• _Data_
_ _ _ _ _ _ _

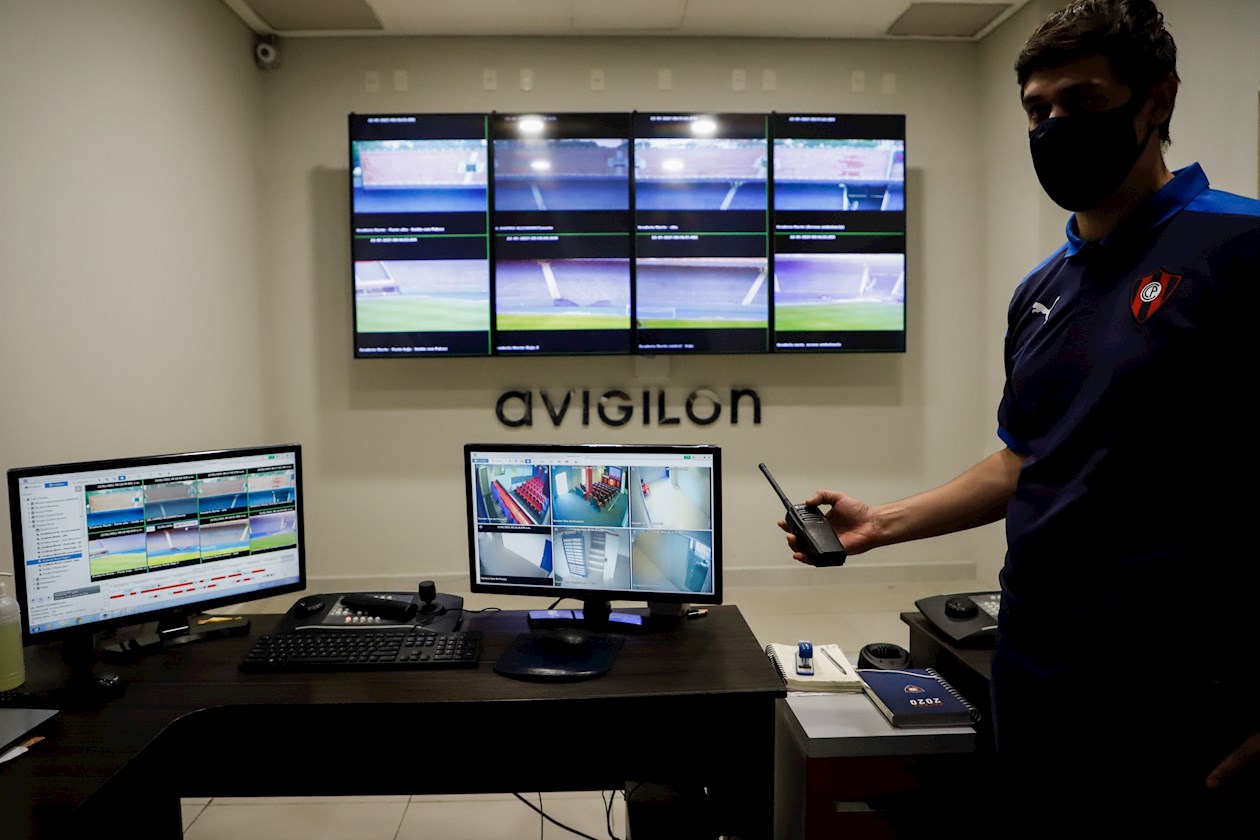 Un funcionario explica el funcionamiento de la sala técnica de cámaras hoy, durante un recorrido al Estadio La Nueva Olla, de Asunción (Paraguay). 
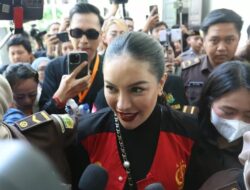 Nikita Mirzani Dukung Gerakan 17+8 Bersama Balik Jeruji Besi, Netizen: Cocok Karena Itu Anggota Dewan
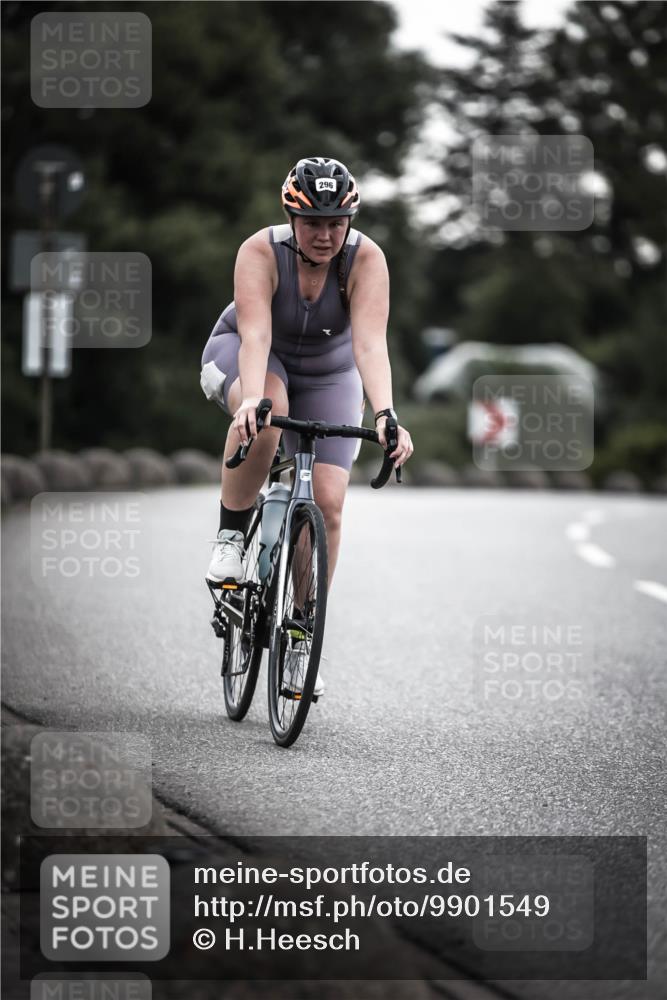21.06.2026 - 29. Vierlanden-Triathlon H.Heesch http://msf.ph/oto/9901549 21.06.2026 09:34:10 Radfahren 33, 39, 44, 296 meine-sportfotos.de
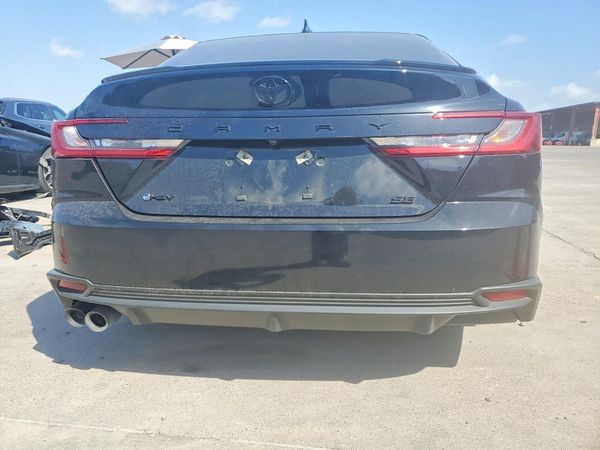 2025 TOYOTA CAMRY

_ _ _ _ _ _ _

• _Assigned task_
With the pictures left out, return the listing above exactly as it stands.

• _Exercise result_
 Un funcionario explica el funcionamiento de la sala técnica de cámaras hoy, durante un recorrido al Estadio La Nueva Olla, de Asunción (Paraguay). 
 Nikita Mirzani Dukung Gerakan 17+8 Bersama Balik Jeruji Besi, Netizen: Cocok Karena Itu Anggota Dewan
21.06.2026 - 29. Vierlanden-Triathlon H.Heesch http://msf.ph/oto/9901549 21.06.2026 09:34:10 Radfahren 33, 39, 44, 296 meine-sportfotos.de
 2025 TOYOTA CAMRY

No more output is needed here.